Exercise aim -> In the records below, find the line with "冰与火之歌，爱德华兹烈焰焚天，独行侠寒冰锁胜局" and the line with "11175 Affinity Ct, San". Print both exactly, along with every line between them, and no other line.

Material shown ->
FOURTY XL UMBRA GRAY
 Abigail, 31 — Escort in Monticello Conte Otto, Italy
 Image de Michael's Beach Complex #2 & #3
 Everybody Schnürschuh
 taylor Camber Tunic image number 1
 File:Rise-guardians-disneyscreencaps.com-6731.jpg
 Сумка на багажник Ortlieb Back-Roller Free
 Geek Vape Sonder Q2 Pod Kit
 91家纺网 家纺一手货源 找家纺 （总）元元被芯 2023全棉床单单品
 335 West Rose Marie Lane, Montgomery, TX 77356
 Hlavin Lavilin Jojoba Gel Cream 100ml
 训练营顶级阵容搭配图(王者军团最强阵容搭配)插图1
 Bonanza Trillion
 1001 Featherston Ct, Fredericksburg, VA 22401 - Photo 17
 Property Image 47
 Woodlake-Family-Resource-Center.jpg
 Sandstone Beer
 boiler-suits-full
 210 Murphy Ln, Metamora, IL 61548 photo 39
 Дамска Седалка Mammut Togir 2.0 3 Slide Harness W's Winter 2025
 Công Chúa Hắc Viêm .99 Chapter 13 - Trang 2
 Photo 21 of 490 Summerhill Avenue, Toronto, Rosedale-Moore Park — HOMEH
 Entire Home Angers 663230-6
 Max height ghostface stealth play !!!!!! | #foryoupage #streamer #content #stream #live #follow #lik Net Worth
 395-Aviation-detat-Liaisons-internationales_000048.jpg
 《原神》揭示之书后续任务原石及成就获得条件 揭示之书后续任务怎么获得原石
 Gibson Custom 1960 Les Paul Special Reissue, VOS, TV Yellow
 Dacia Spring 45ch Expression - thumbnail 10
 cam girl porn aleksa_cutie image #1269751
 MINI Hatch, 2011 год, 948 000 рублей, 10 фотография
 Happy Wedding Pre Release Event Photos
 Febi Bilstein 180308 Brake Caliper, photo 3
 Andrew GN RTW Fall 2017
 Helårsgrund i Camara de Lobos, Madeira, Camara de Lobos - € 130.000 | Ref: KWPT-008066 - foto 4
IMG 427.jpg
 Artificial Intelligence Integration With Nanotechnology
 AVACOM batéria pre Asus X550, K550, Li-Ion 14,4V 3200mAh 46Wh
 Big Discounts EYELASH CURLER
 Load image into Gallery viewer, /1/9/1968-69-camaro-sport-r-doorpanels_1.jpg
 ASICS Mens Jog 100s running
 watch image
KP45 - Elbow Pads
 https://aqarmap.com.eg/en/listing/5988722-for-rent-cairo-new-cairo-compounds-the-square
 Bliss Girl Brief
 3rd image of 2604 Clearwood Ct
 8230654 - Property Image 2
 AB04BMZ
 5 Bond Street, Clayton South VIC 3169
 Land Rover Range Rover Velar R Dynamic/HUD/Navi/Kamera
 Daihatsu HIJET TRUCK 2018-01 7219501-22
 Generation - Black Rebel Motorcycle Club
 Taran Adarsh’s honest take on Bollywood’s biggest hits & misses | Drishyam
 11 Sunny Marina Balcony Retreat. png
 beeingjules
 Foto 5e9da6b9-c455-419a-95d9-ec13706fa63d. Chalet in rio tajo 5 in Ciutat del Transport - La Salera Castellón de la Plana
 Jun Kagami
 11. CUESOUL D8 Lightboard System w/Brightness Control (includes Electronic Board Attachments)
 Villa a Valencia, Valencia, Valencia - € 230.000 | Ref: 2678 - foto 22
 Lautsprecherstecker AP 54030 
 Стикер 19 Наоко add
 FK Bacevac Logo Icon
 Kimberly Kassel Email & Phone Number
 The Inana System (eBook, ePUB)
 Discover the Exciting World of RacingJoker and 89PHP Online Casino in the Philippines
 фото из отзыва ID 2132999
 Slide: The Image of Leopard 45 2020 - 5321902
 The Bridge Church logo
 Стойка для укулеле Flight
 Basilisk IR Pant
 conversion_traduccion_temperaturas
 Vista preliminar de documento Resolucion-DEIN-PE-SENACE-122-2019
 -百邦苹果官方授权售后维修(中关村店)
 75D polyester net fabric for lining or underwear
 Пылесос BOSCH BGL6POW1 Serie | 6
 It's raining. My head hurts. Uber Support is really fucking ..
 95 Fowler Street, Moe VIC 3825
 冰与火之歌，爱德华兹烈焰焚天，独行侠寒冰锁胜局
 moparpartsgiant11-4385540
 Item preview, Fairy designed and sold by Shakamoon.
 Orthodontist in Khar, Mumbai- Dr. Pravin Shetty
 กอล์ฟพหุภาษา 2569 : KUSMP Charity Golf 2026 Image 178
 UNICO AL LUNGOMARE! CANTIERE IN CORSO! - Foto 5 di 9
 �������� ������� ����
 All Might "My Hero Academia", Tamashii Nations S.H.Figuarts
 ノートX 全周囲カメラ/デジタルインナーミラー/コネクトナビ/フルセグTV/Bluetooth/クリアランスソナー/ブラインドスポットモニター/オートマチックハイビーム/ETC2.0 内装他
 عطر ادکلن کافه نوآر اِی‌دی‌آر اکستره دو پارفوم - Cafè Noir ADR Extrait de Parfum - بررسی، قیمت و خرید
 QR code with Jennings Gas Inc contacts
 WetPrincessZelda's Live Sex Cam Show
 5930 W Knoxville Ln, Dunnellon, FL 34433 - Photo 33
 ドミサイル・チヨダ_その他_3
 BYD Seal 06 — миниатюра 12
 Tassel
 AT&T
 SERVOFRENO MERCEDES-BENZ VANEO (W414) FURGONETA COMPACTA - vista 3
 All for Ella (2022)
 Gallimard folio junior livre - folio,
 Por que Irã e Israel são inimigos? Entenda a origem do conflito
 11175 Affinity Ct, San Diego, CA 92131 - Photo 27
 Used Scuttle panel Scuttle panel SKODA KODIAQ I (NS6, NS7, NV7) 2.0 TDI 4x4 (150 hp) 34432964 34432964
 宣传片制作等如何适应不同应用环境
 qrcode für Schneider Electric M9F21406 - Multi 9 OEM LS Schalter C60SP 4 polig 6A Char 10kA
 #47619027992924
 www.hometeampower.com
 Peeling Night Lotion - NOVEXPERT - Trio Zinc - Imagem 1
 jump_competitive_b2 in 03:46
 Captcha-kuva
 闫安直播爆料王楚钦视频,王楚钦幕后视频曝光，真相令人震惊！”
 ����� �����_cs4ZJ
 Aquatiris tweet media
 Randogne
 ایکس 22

Answer box ->
 冰与火之歌，爱德华兹烈焰焚天，独行侠寒冰锁胜局
 moparpartsgiant11-4385540
 Item preview, Fairy designed and sold by Shakamoon.
 Orthodontist in Khar, Mumbai- Dr. Pravin Shetty
 กอล์ฟพหุภาษา 2569 : KUSMP Charity Golf 2026 Image 178
 UNICO AL LUNGOMARE! CANTIERE IN CORSO! - Foto 5 di 9
 �������� ������� ����
 All Might "My Hero Academia", Tamashii Nations S.H.Figuarts
 ノートX 全周囲カメラ/デジタルインナーミラー/コネクトナビ/フルセグTV/Bluetooth/クリアランスソナー/ブラインドスポットモニター/オートマチックハイビーム/ETC2.0 内装他
 عطر ادکلن کافه نوآر اِی‌دی‌آر اکستره دو پارفوم - Cafè Noir ADR Extrait de Parfum - بررسی، قیمت و خرید
 QR code with Jennings Gas Inc contacts
 WetPrincessZelda's Live Sex Cam Show
 5930 W Knoxville Ln, Dunnellon, FL 34433 - Photo 33
 ドミサイル・チヨダ_その他_3
 BYD Seal 06 — миниатюра 12
 Tassel
 AT&T
 SERVOFRENO MERCEDES-BENZ VANEO (W414) FURGONETA COMPACTA - vista 3
 All for Ella (2022)
 Gallimard folio junior livre - folio,
 Por que Irã e Israel são inimigos? Entenda a origem do conflito
 11175 Affinity Ct, San Diego, CA 92131 - Photo 27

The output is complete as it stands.